AIM OF THE TASK
The result should be a full, exact repeat of the entries, free of pictures.

Image-caption web data
# # # #

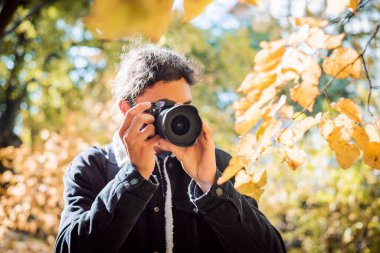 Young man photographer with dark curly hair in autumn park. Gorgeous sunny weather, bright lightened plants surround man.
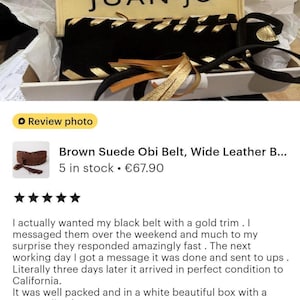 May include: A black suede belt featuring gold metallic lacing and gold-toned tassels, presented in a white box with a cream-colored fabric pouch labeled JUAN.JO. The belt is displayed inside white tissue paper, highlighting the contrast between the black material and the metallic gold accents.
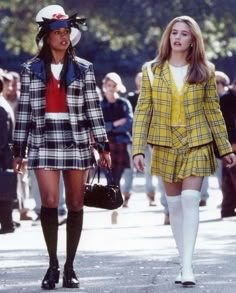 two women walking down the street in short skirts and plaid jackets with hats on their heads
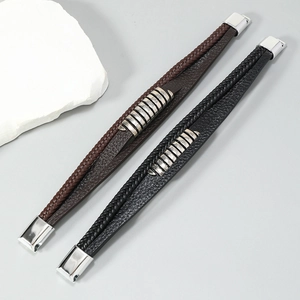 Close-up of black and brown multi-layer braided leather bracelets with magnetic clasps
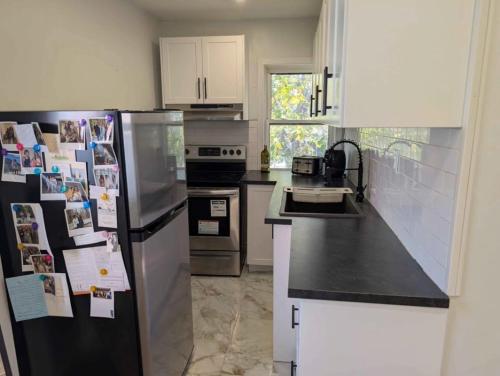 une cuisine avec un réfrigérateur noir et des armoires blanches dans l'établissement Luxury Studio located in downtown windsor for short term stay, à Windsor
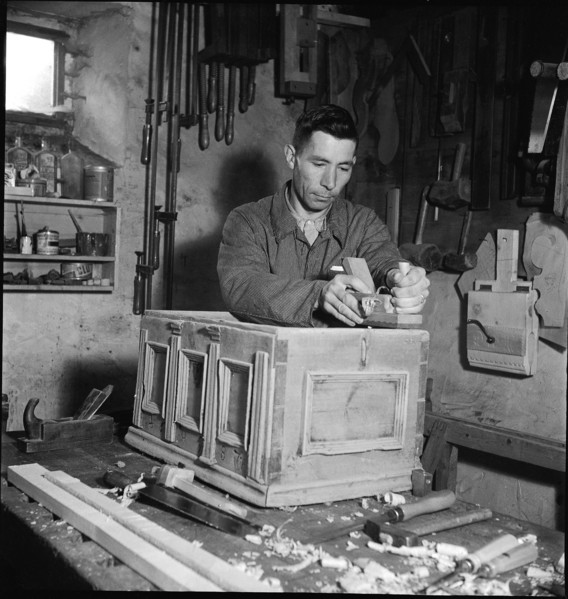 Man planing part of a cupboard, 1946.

# # # #

RESPONSE TO THIS EXERCISE
 Young man photographer with dark curly hair in autumn park. Gorgeous sunny weather, bright lightened plants surround man.
 May include: A black suede belt featuring gold metallic lacing and gold-toned tassels, presented in a white box with a cream-colored fabric pouch labeled JUAN.JO. The belt is displayed inside white tissue paper, highlighting the contrast between the black material and the metallic gold accents.
 two women walking down the street in short skirts and plaid jackets with hats on their heads
 Close-up of black and brown multi-layer braided leather bracelets with magnetic clasps
 une cuisine avec un réfrigérateur noir et des armoires blanches dans l'établissement Luxury Studio located in downtown windsor for short term stay, à Windsor
 Man planing part of a cupboard, 1946.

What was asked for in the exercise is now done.